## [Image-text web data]
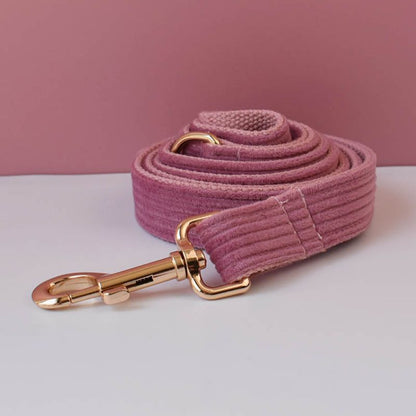 Laisse pour Chien Framboise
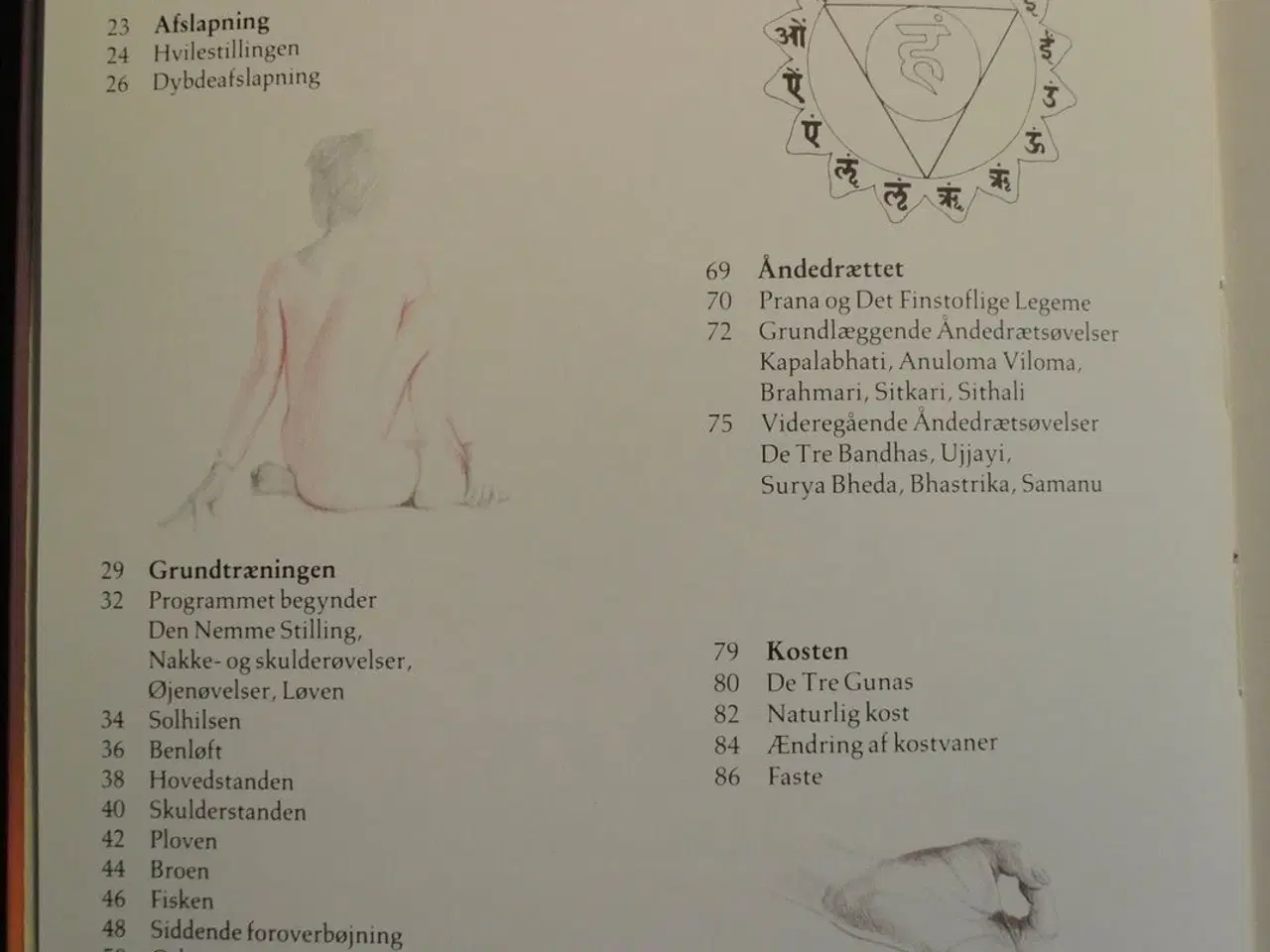 Billede 2 - politikens yogabog - asanas åndedræt meditation af
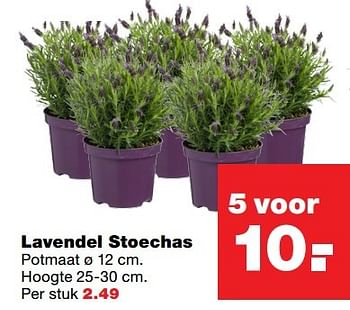 Aanbiedingen Lavendel stoechas - Huismerk - Praxis - Geldig van 03/04/2017 tot 09/04/2017 bij Praxis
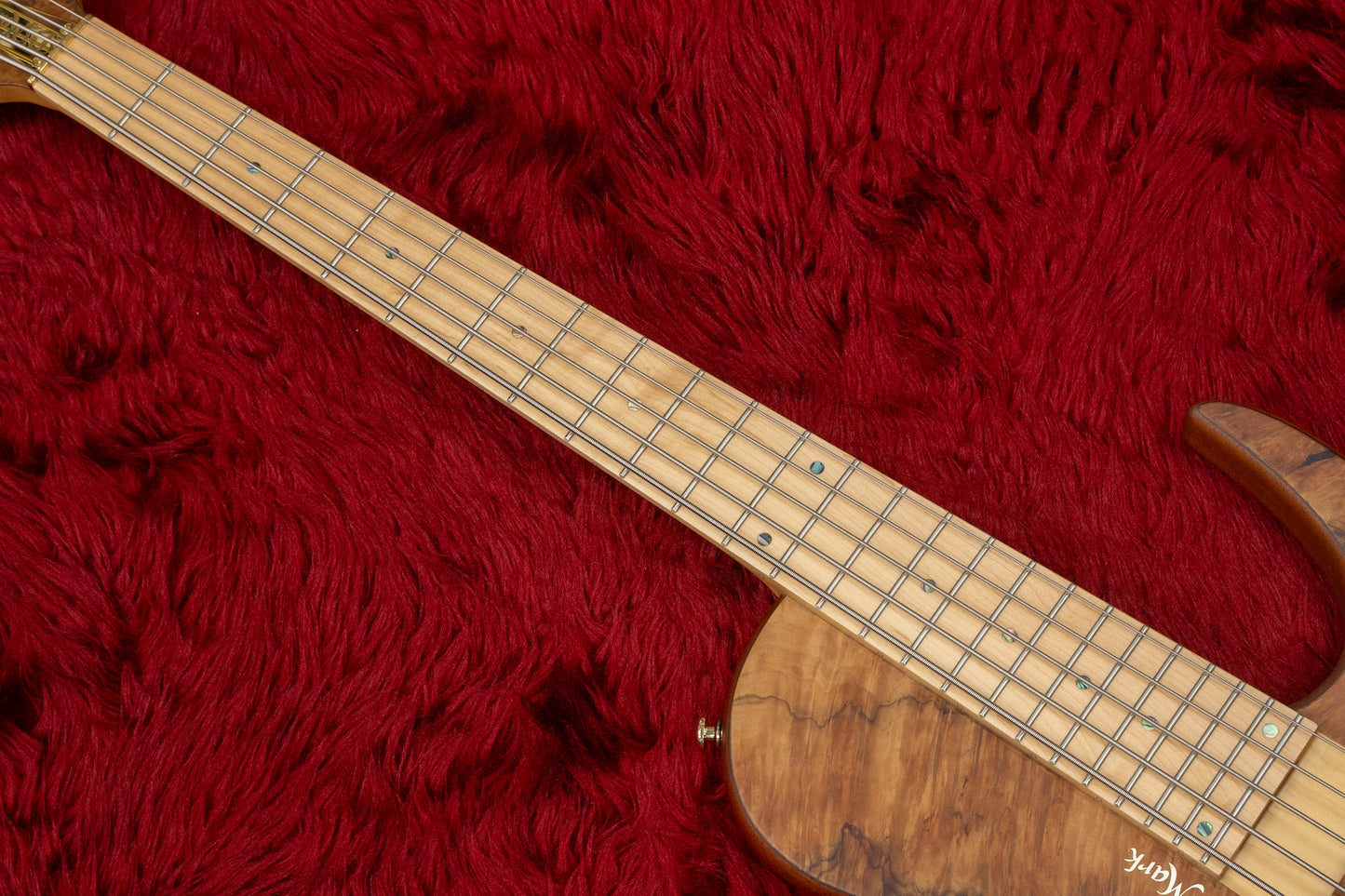 [new] D’mark Guitars / OMEGA 5 Exotic Buckeye MASTER SERIES #23A0014 4.385kg [Yokohama]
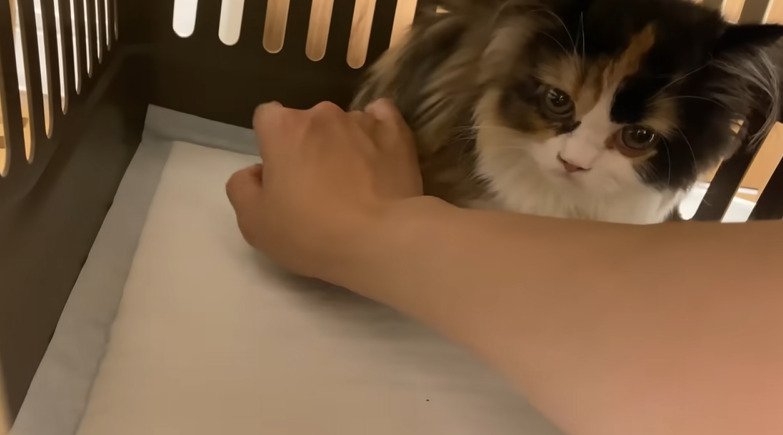 撫でられる子猫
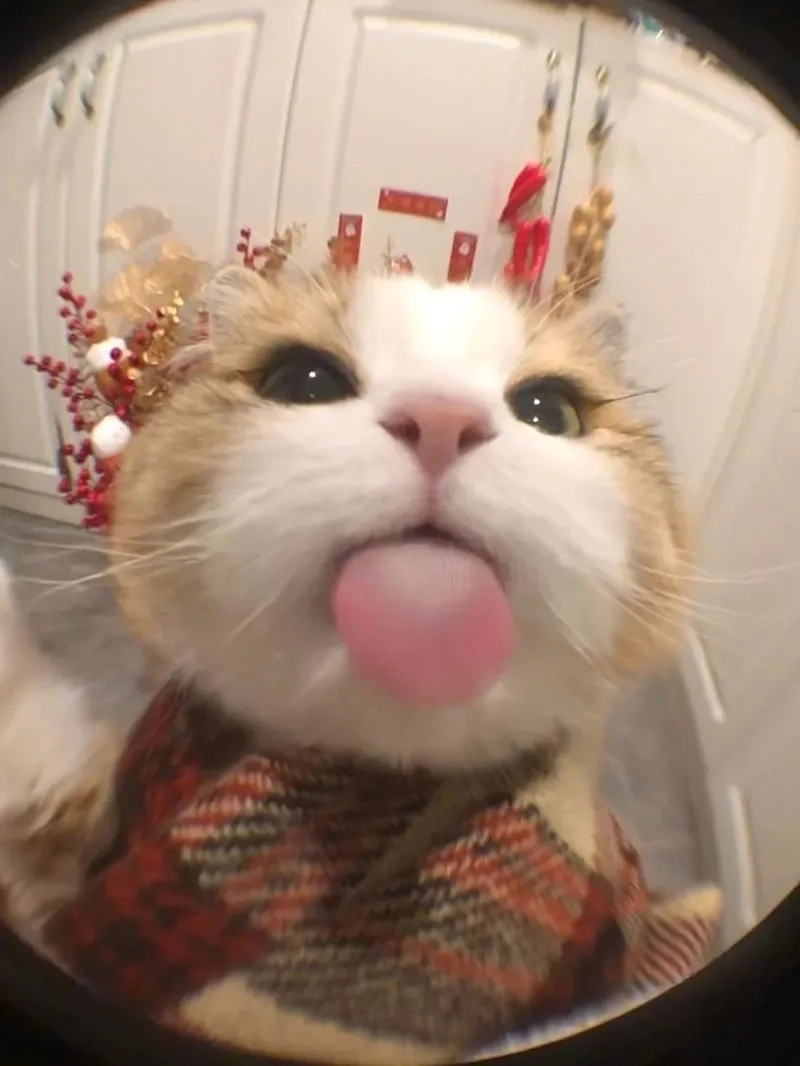 Ảnh meme noel dễ thương cho những khoảnh khắc vui vẻ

## [WHAT IS REQUIRED]
Your answer should be the lines above from the one that contains "Aanbiedingen Lavendel stoechas" through the last, set down exactly, with the pictures removed.

## [WRITTEN ANSWER]
 Aanbiedingen Lavendel stoechas - Huismerk - Praxis - Geldig van 03/04/2017 tot 09/04/2017 bij Praxis
 [new] D’mark Guitars / OMEGA 5 Exotic Buckeye MASTER SERIES #23A0014 4.385kg [Yokohama]
 撫でられる子猫
 Ảnh meme noel dễ thương cho những khoảnh khắc vui vẻ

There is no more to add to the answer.